Interconnection Of Electrodes Using Field Emission Induced Growth Of Nanowires

FAIZHAL BIN BAKAR

Publication

Interconnection Of Electrodes Using Field Emission Induced Growth Of Nanowires

FAIZHAL BIN BAKAR

Abstract

This thesis concerns the interconnection of electrodes using field emission induced growth (FEIG) of W nanowires. We seek to understand the process through simulation of the growth phenomena seen at both the cathode and the anode. Better experimentation and understanding of FEIG will bring a step closer to understanding of the formation of nanosized connection between electrodes. Results of the simulation of electron and W ions trajectories at the beginning stage of the nanowire growth suggests a formation of a conical supporting structure at the base of the nanowire as well the formation of a nanowire with a diameter that grows at a much smaller rate than its length. Results of simulation at the end stage of the nanowire growth suggest that nanowire growth speed reduces as the nanowire nears the anode.

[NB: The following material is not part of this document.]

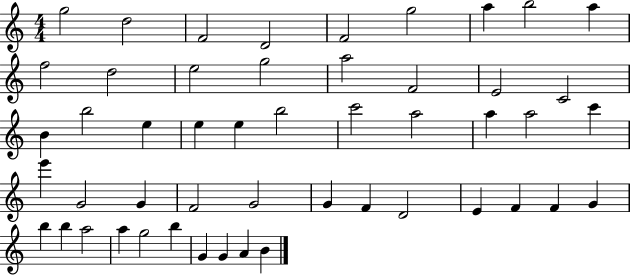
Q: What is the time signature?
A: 4/4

The measured resistance of W nanowire bridge however shows a large ohmic value due to the high resistance of the anode growth due W supply-limited deposition. The anode growth observed is thicker and has a tree-like structure and is deduced to arise from the continual fusing and growth of the cathode which encourages the anode growth as the thicker anode is unlikely to fuse. Preliminary anode simulations suggest that formation of protrusions at the anode will influence incoming electrons and thus the fractal growth of the anode observed. From TEM images, it was deduced that the tree-like anode growth is made up of metal agglomerates, enclosed in a carbonaceous matrix. The low crystallinity observed is deduced to be due to the low electron energy used.